The FDA recently approved the first new treatment for metastic bladder cancer in 30 years.

What kind of treatment is it?

Researchers developed an immunotherapy drug called atezolizumab. It is designed to enhance the body’s natural defenses against cancer.

Dr. Arjun Balar, an oncologist at NYU Langone Medical Center, is an advocate of the new treatment. He explained how the medicine works, “Our immune systems are designed to identify, target, and destroy cancer cells; however, what cancer cells do is they preferentially co-opt off-switches to evade the immune system and basically run rampant and spread throughout the body.

How does the new therapy help stop the cancer cells?

The new immunotherapy works by giving the ‘body back control of these off-switches to allow it to fight the cancer’.

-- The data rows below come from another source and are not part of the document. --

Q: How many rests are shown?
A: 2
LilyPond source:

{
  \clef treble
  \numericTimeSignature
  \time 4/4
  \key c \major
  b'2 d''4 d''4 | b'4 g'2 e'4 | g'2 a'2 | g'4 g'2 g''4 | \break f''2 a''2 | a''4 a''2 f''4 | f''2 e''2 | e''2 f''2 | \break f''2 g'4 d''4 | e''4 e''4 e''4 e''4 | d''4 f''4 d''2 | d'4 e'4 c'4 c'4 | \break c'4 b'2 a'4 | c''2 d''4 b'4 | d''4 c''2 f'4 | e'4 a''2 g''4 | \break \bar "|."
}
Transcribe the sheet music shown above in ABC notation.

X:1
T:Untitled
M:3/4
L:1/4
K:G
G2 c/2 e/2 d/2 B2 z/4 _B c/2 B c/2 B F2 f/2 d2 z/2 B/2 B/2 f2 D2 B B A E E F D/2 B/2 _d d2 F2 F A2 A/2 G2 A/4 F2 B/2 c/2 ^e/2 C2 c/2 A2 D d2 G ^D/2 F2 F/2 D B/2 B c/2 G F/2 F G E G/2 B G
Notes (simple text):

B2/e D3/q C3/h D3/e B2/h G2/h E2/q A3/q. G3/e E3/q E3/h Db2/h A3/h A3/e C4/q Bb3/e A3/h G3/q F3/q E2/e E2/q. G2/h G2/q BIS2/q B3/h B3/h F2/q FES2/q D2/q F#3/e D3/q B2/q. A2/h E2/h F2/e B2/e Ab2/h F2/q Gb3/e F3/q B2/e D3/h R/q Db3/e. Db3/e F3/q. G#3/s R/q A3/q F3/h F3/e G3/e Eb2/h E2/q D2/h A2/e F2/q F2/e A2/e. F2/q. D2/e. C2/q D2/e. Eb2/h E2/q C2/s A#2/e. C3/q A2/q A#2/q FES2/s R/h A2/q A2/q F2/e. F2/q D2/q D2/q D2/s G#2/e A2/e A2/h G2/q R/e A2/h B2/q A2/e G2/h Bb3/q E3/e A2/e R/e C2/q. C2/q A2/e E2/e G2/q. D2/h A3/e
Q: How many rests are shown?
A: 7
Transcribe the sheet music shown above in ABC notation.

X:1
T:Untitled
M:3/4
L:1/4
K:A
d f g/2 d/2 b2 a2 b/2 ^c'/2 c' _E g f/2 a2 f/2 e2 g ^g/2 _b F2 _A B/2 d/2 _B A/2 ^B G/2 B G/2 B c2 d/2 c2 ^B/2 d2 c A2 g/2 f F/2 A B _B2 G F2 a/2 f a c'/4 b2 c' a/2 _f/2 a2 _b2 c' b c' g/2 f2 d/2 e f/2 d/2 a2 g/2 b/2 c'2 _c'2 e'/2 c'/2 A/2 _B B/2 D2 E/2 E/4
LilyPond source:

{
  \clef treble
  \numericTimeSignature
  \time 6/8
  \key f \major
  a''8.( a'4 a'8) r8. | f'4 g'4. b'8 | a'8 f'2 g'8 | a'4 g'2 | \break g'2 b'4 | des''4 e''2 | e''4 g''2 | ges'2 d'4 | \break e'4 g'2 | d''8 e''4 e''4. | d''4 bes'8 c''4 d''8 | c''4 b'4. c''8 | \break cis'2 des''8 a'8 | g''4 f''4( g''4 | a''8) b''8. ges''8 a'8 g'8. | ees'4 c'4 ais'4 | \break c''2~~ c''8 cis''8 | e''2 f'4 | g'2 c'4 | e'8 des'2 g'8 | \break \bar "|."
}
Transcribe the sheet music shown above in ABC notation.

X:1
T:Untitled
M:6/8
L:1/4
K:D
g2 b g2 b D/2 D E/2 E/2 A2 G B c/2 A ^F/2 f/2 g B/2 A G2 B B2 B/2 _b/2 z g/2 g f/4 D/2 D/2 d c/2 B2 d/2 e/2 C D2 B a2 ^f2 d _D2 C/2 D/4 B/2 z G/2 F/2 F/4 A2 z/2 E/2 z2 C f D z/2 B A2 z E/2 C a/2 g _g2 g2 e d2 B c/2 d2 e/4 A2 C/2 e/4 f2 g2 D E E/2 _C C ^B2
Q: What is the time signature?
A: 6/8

How common is bladder cancer?

The American Cancer Society reports that bladder cancer is the fourth most common cancer in men in the United States, though it is less common in women. Every year, around 77,000 adults around the country are diagnosed with the often deadly disease, which causes almost 16,000 deaths annually.

The majority of bladder cancer patients are diagnosed at age fifty-five but some get the disease earlier. One man who was diagnosed at age forty-three told CBS, “It was something I never really thought about; my wife and I have always been very healthy. I guess I got it in my head that people got cancer when they're old.”

The patient had to have his bladder removed and tried many experimental drugs. Nothing worked well for him until he entered a clinical trial for atezolizuma. Mr. Williamson’s tumors shrunk by 40 percent within the first year of using the drug and have since stabilized. It has been three years since his diagnosis, he is now 47, and is happy to report that he is back to being an active husband and father. He said he feels ‘great’ and is back to ‘working out and being active’.

Dr. Balar explained why the results of this immunotherapy are significant. He said most of the advances in bladder cancer over the last few years have been in patient safety. This is the first advancement that relates to efficacy (how well patients do in survival).

Dr. Balar further expounded on the fact that this is the first time in thirty years that there has been an advancement in bladder cancer medicine that relates to efficacy.

“So to have a drug like this, which while it does not work in the majority and only works in the minority, it is life-altering for the patients who receive the treatment and benefit from it,” according to Dr. Balar. He called this the beginning of a ‘new era in bladder cancer therapy’.